無論、それはオレの生命力が優れていたからではない。生かされているのだ。途方もなく、救われているのだ。
得体も知れないほど大きな力が、オレを刃傷沙汰から救い、大火から救い、轢死から救い、柔らかい頭蓋骨を潰しながら生れ落ちることから救っている。

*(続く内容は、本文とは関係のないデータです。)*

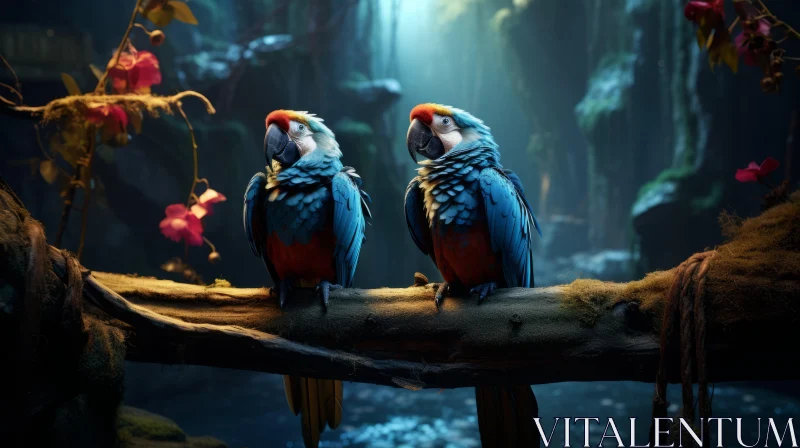 Captivating Scene of Two Blue Parrots in a Lush Forest AI Image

これを奇跡と言わずして、大いなる意志と言わずして、なんと呼べば良いか。
あるいは、サリンジャーの言うところの「太っちょおばさん」的な存在かもしれない。ドーナツの中心のように、無いからこそ見えるようなものかもしれない。けれど、あるのだ。オレにはわかる。
オレはその力を信ずる。
オレを生かそうとする意志が、確かに存在する。オレを幸福にしたいのか、不幸にしたいのかは分からない。だがしかし、その意志はひたすらに、「心臓を止めるな」
「脳に血を回せ」
「生きろ」
「明日も生きろ」
そんな声は聞こえることはないが(気違いじゃなし)、けれども事後的に、その意志に触れることができる。夕日が沈む瞬間、眠りに落ちる直前、キュートな女の子がオレに微笑む瞬間、オレはいつも大いなる意志の囁きを聴いている。
だから、あるのだ。それは、あるんだよ。
その意志に願う。
煙草を止めさせてください。
オレは必死だ。
木っ端の如きオレという人間が、逆らえない力がオレの喫煙の習慣を支配している。だからこそ、オレを生かし続ける、オレの根幹にかかわる、大いなる意志に、ひれ伏して祈るしかない。
煙草を止めさせてください。
これで止められなかったら、大いなる意志はオレが肺がんを含む喫煙によって生じる疾患が原因で命を落とすことを望んでいると解釈するしかない。
けれどすべては、あるがままに動くのである。
それはそうと煙草が吸いたい。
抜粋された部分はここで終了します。